Allergici a ciò che sconvolgeva i ritmi tradizionali, e soprattutto timorosi del dilagare della musica d’oltreoceano in Italia, i fascisti designerano come loro bersaglio il jazz. Nonostante alcune opinioni contrastanti a riguardo nelle stesse file dei fascisti, in linea generale la musica che faceva scatenare sulla pista da ballo i soldati americani aveva finito per contagiare i giovani italiani, e questo non era visto di buon occhio.
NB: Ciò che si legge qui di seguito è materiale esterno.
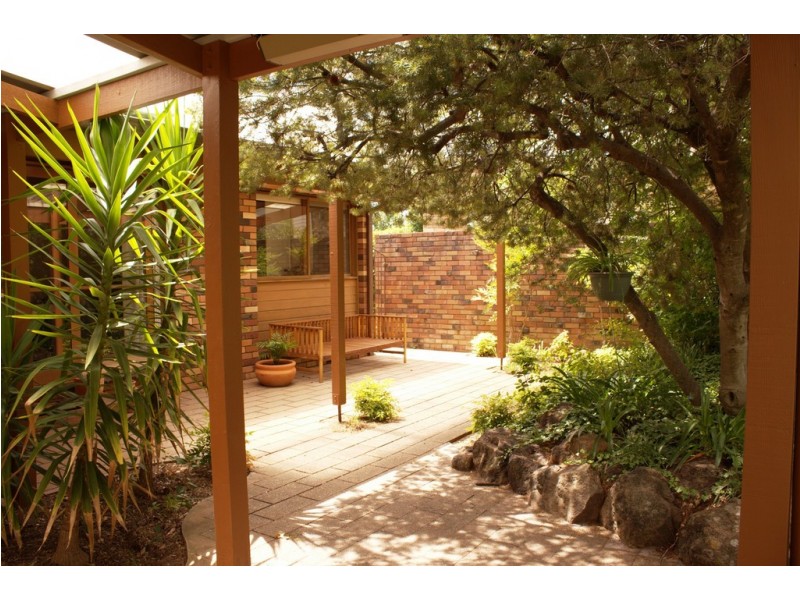 26 Lawrence Street, Cootamundra NSW 2590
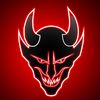 devilsbext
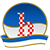 Bednja Beletinec
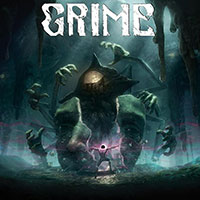 Grime pobierz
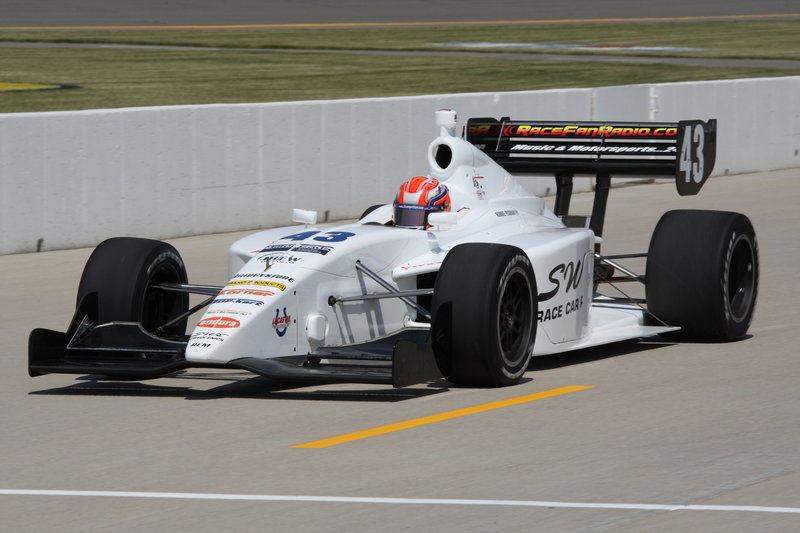 Nikon named as Surfers sponsor.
Il canale principale era stato il cinema: attraverso i film americani il jazz (ma più precisamente il ragtime) aveva conquistato con il suo ritmo sincopato le orecchie nostrane: si erano formate così le prime orchestre jazz (Blue Star di Pippo Barzizza, Orchestra Angelini…).
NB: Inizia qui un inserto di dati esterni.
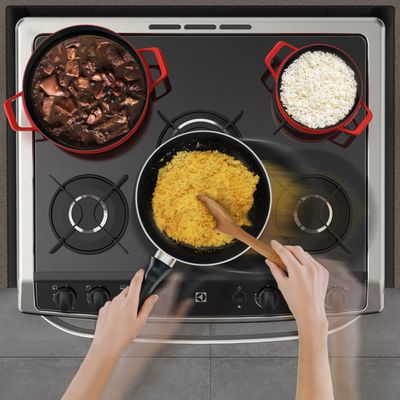 fogao-5-bocas-com-mesa-de-vidro-e-queimador-tripla-chama-electrolux-76upv-_detalhe7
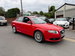 Audi A4 2.0 TFSI S line Special Edition Saloon 4dr Petrol Manual (192 g/km, 220 bhp) 4dr Manual 2006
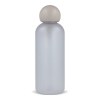 Bouteille d'eau Sagaform Tom 650 ml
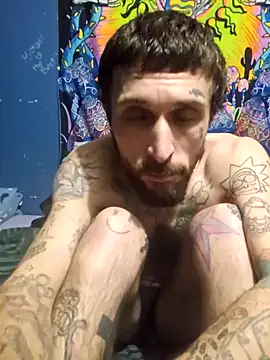 hungandtatted666 webcam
Il jazz occupava un primato nelle sale da ballo italiane che non poteva essere in linea con le idee mussoliniane: cedere il posto a un genere non italiano, non tradizionale, voleva dire mettere un’altra nazione prima della propria patria. Il regime tentò di snaturare il jazz proponendone una versione italiana, il “gez”. Quando entrarono in vigore le leggi razziali del 1938, la battaglia contro il jazz divenne una questione di stato molto aspra. Il genere venne considerato “una delle armi giudaiche più forti e più sicure”.
Come contrastare però il dilagare del jazz, che sembrava inarrestabile? Il regime arrivò a chiudere i locali in cui si poteva ballare, a proibire la musica americana (ma bastava tradurre il titolo di una canzone in italiano per poterla eseguire senza ripercussioni).
Per quanto sembri curiosa la censura del jazz, sprovvisto di testi e quindi teoricamente di un veicolo propagandistico forte come quello linguistico, comprendiamo facilmente come la sua diffusione incontrollabile, che permetteva a un livello intimo e viscerale di sentirsi liberi, aperti verso altre culture, amanti della musica senza confini, potesse essere un vero problema per il regime fascista, che solo di mura e limiti viveva.